On August 17, the grand jury returned an indictment alleging 11 overt acts. Both Julius and Ethel Rosenberg were indicted, as were David Greenglass and Anatoli Yakovlev.[23]

On August 11, 1950, Ethel Rosenberg testified before a grand jury. She refused to answer all the questions and as she left the courthouse she was taken into custody by FBI agents. Her attorney asked the U.S. Commissioner to parole her in his custody over the weekend, so that she could make arrangements for her two young children. The request was denied. One of the prosecuting team commented that there "is ample evidence that Mrs. Rosenberg and her husband have been affiliated with Communist activities for a long period of time." [24] Julius and Ethel were put under pressure to incriminate others involved in the spy ring.
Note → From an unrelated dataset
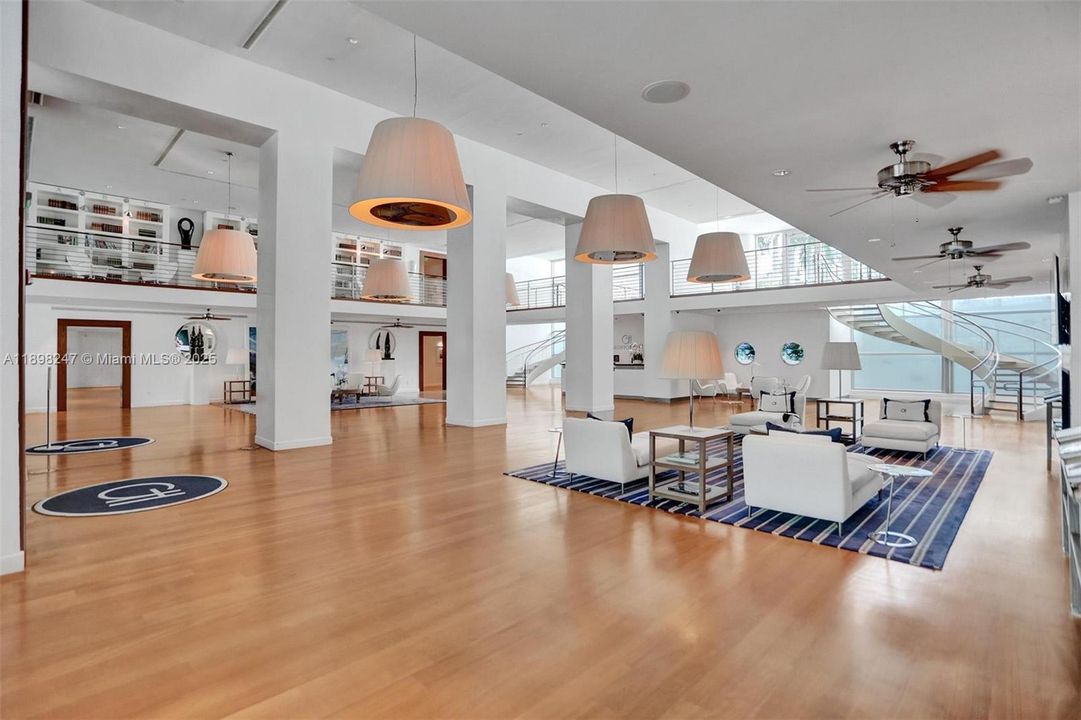 待售: $2,550,000 (2 贝兹, 2 浴室, 1756 平方英尺)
Neither offered any further information.

On February 7, 1950, Gordon Dean, the chairman of the Atomic Energy Commission, contacted James McInerney, chief of the Justice Department's Criminal Division and asked him if Julius Rosenberg had made a confession. Dean recorded in his diary, "McInerney said there is no indication of a confession at this point and he doesn't think there will be unless we get a death sentence. He talked to the judge and he is prepared to impose one if the evidence warrants." [25]
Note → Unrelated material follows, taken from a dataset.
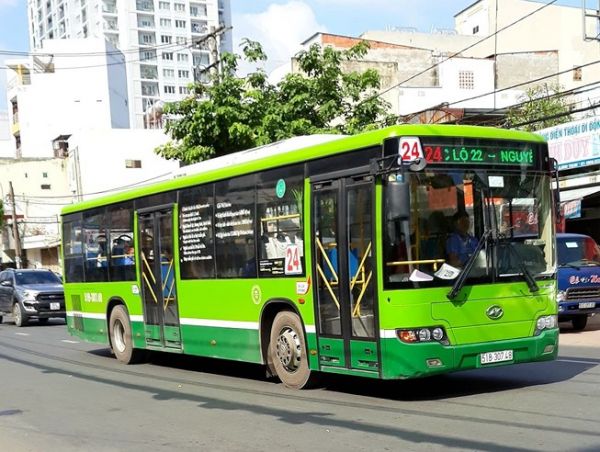 Xe buýt - Phương tiện công cộng giá rẻ được ưa chuộng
At a secret meeting the following day, 20 top government officials, including Dean, met to discuss the Rosenberg case. Myles Lane told the meeting that Julius Rosenberg was the "keystone to a lot of other potential espionage agents" and that the Justice Department believed that the only thing that would break Rosenberg was "the prospect of a death penalty or getting the chair." Lane admitted that the case against Ethel Rosenberg was "not too strong," it was "very important that she be convicted too, and given a stiff sentence". Dean stated: "It looks as though Rosenberg is the king pin of a very large ring, and if there is any way of breaking him by having the shadow of a death penalty over him, we want to do it." [26]

The problem of a weak case against Ethel Rosenberg was solved just 10 days before the start of the trial when David and Ruth Greenglass were reinterviewed. They were persuaded to change their original stories. David had said that he'd passed the atomic data he'd collected to Julius on a New York street corner. Now he stated that he'd given this information to Julius in the living room of the Rosenberg's New York apartment and that Ethel, at Julius's request, had taken his notes and "typed them up". In her reinterview Ruth expanded on her husband's version: "Julius then took the info into the bathroom and read it and when he came out he called Ethel and told her she had to type this info immediately... Ethel then sat down at the typewriter which she placed on a bridge table in the living room and proceeded to type the info which David had given to Julius." As a result of this new testimony, all charges against Ruth were dropped. [27]

Trial and conviction

Side- and front-view portrait photographs of woman wearing white apparel. The woman has thick, black, curly hair and maintains an emotionless face
Police booking photograph of Ethel Rosenberg
Police booking photograph of Julius Rosenberg after his arrest
David Greenglass' sketch of an implosion-type nuclear weapon design, illustrating what he allegedly gave the Rosenbergs to pass on to the Soviet Union

The trial of the Rosenbergs and Sobell began on March 6, 1951. The judge was Irving Kaufman. The prosecutor was Irving Saypol, the U.S. Attorney for the Southern District of New York. The attorney for the Rosenbergs was Emanuel Hirsch Bloch.[28][29] The prosecution's primary witness, David Greenglass, stated that he turned over to his brother-in-law Julius Rosenberg a sketch of the cross-section of an implosion-type atom bomb (the "Fat Man" bomb dropped on Nagasaki, Japan, as opposed to a bomb with the "gun method" triggering device as used in the "Little Boy" bomb dropped on Hiroshima).[30] He also testified that his sister Ethel Rosenberg typed notes containing U.S. nuclear secrets in the Rosenberg apartment in September 1945.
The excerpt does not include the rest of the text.